Voor mij is het boek van Staps en Yang een nieuwe impuls om in mijn werk als predikant nog meer te incarneren, dat wil zeggen mij nog meer te verbinden met mijn gemeenteleden in hun leven als boer, verpleegkundige, vrachtwagenchauffeur, kankerpatiënt, stervende, vader, moeder etc. In mijn persoonlijke spiritualiteit ligt het verlangen open om eindelijk echt te luisteren naar mijn lijf, waar God zich aan mij kenbaar maakt.
Hetty Boersma
[1] Ton Staps en William Yang, Ont-worden om te worden wie je bent. Patiënten met kanker: veranderingen in de beleving van het lichaam als toegang tot beleefde spiritualiteit, Nijmegen 2019.

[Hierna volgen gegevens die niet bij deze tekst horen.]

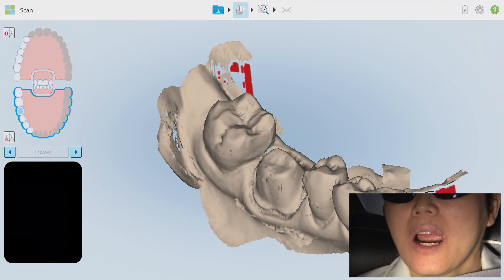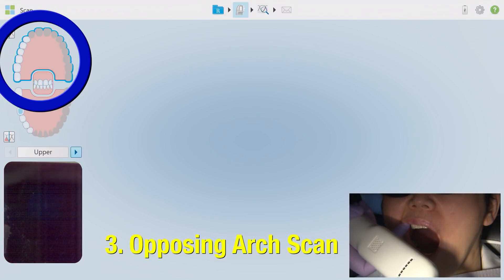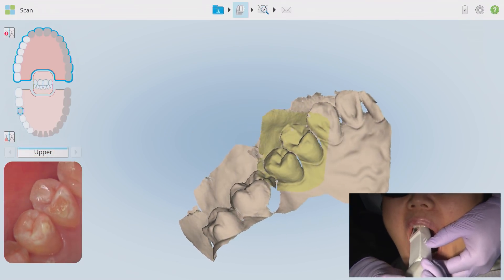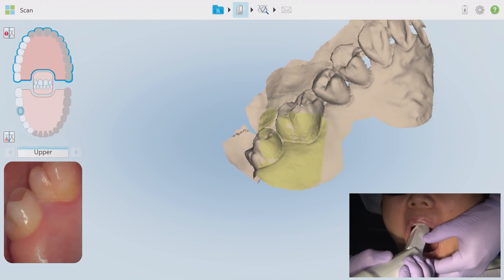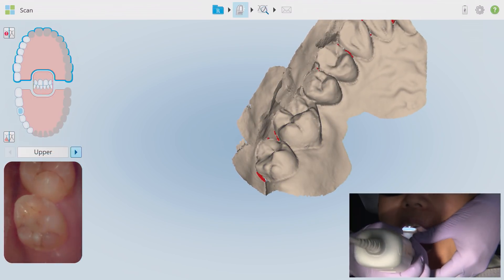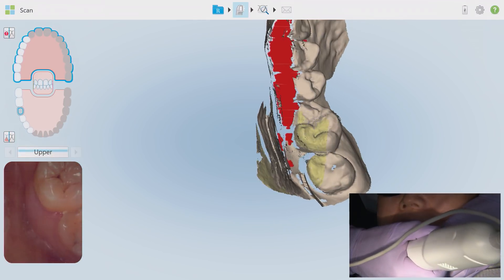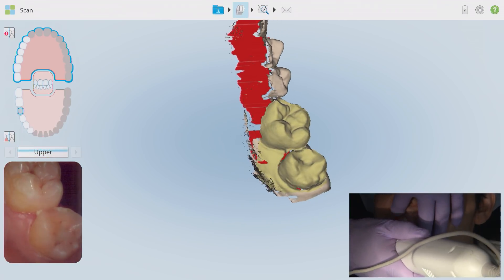Moving on to the opposing arch — in this case the maxillary quadrant — I've selected it on the visual chart. The principle is the same as the working quadrant scan but without the tooth prep scan step. I'm starting distal occlusal of the most posterior tooth in the quadrant, scanning deliberately towards the cuspid area, wrapping around to the lingual, and heading back towards the molars, twisting for embrasure areas. I then stop to reset for the buccal, always starting again on the previously scanned occlusal surface until the iTero recognizes the segment and meshes, then wrapping around to the buccal and moving towards the anterior. I'm changing up the hand grip to steady the wand and counteract the patient's lip resistance.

[2] Erik Borgman, Alle dingen nieuw. Een theologische visie voor de 21ste eeuw, Utrecht 2019.
[3] Arjan Plaisier, ‘Motieven voor incarnatie bij Karl Barth’, in: Nico den Bok en Guus Labooy (red.), Wat God bewoog mens te worden. Gedachten over de incarnatie, Zoetermeer 2003, 206.
[4] Ruth Burrows, Before the Living God, Londen 1975, 55.